#### [DIRECTIONS FOR THIS TASK]
Under this line sits a listing. Repeat exactly and only its lines from the one holding "Color code: RGB 5 187 181 | qconv.com" through the one holding "WY license plate 9981892"; skip pictures.

#### [EXERCISE MATERIAL]
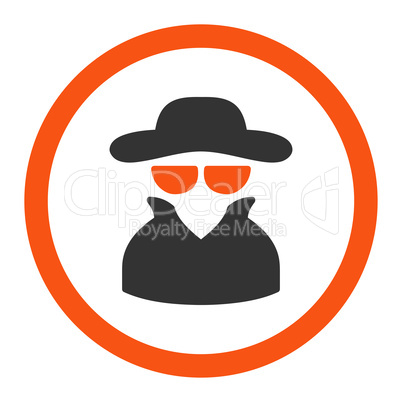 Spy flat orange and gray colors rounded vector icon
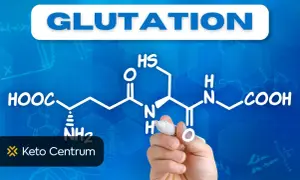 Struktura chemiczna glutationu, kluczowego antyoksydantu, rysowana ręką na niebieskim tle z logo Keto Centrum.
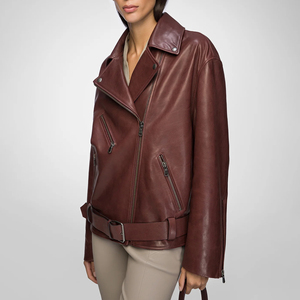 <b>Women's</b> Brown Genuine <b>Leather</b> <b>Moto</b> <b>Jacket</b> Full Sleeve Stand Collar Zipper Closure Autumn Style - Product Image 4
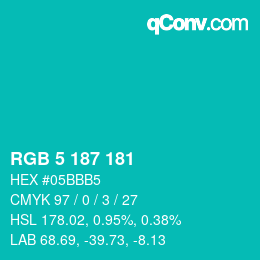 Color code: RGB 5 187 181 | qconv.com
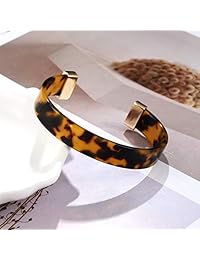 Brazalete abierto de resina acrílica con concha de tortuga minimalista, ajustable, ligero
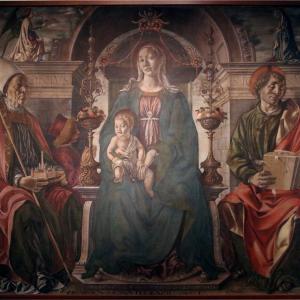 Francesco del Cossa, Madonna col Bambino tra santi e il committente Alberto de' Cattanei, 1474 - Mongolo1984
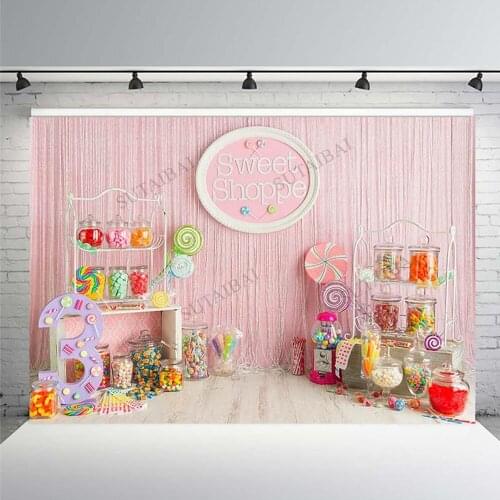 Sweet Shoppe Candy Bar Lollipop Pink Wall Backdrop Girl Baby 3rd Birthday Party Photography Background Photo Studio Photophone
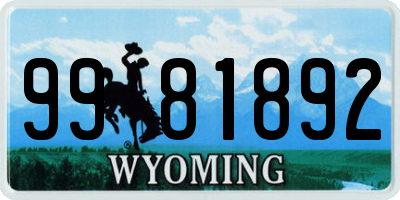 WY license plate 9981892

...

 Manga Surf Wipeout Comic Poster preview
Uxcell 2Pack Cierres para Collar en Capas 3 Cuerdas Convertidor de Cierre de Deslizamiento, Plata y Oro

#### [TASK ANSWER]
 Color code: RGB 5 187 181 | qconv.com
 Brazalete abierto de resina acrílica con concha de tortuga minimalista, ajustable, ligero
 Francesco del Cossa, Madonna col Bambino tra santi e il committente Alberto de' Cattanei, 1474 - Mongolo1984
 Sweet Shoppe Candy Bar Lollipop Pink Wall Backdrop Girl Baby 3rd Birthday Party Photography Background Photo Studio Photophone
 WY license plate 9981892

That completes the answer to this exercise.